# Newbie 2015 323Bh



## Stokescd (Jul 8, 2014)

Great to see the Outback Forum and all the excellent information here. Thanks to all the people that answer all the question, your passion shows. The wife and I just bought a 323bh. It is our first camper and we are excited to take it out in a couple of weeks. The wife is busy getting it stocked up with all the "essentials" and I'm trying to learn all the in's and out's as well as the do's and don'ts. I have been reading many of the forum posts but I was wonder if there were any threads focused on the newbie and what to do to prepare and maintain the camper? 
Thanks Again!


----------



## Todd&Regan (Jul 1, 2010)

Congrats on your new Outback and welcome to Outbackers! Feel free to ask any questions, no matter how dumb you think it is.


----------



## msmacattack (Jul 10, 2014)

hi, newbie here too, have had our outback for a while, but just happened on this site today! Still so much to learn. We have a 2006rks. Love it, but have had our share of problems.


----------



## Stokescd (Jul 8, 2014)

robertized said:


> Congratulations on your new trailer and welcome to Outbackers. Here is a thread that might help you out.
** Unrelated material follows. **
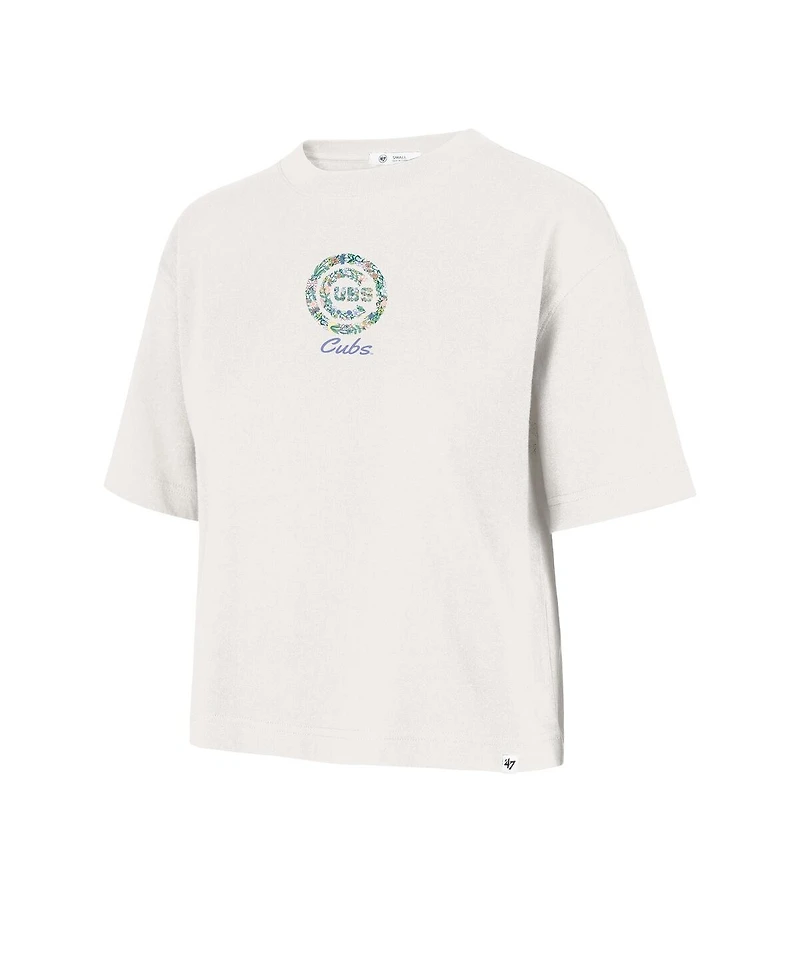 '47 Brand Women's Natural Chicago Cubs Full Bloom Cropped T-Shirt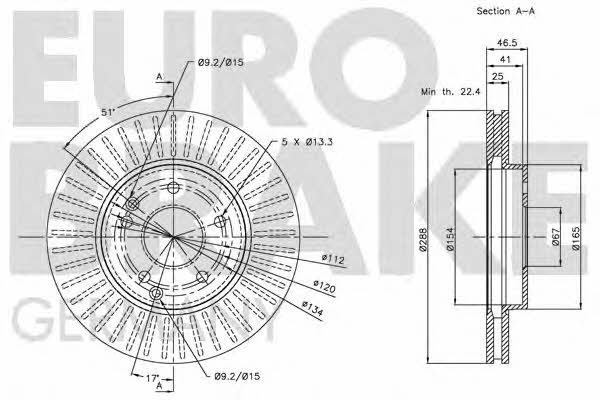 Eurobrake 5815203332 Тормозной диск передний вентилируемый 5815203332: Отличная цена - Купить в Польше на 2407.PL!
Good Luck.
> 
> http://www.outbackers.com/forums/index.php?showtopic=35601&view=findpost&p=431841


Awesome!
Thank You!


----------



## Jewellfamily (Sep 25, 2010)

Stokescd said:


> Great to see the Outback Forum and all the excellent information here. Thanks to all the people that answer all the question, your passion shows. The wife and I just bought a 323bh. It is our first camper and we are excited to take it out in a couple of weeks. The wife is busy getting it stocked up with all the "essentials" and I'm trying to learn all the in's and out's as well as the do's and don'ts. I have been reading many of the forum posts but I was wonder if there were any threads focused on the newbie and what to do to prepare and maintain the camper?
> Thanks Again!


start with the basics. Know where you're going. full hookups/primitive? If primitive, sanitize and fill the water tank for the trip unless you know where to get water there. Propane tanks full enough to get through the trip? bar-b-que, food, beer (or favorite beverages), camping chair, toilet paper. You're already trying to get all the things you need, but there will be things you wish you had. Take a notepad and pen. As you come up with "wish I had that" items, jot it down. If you wait until your home, you'll go without half of it next time too. Ask questions. Everyone who has ever owned a camper was a newbie once....


----------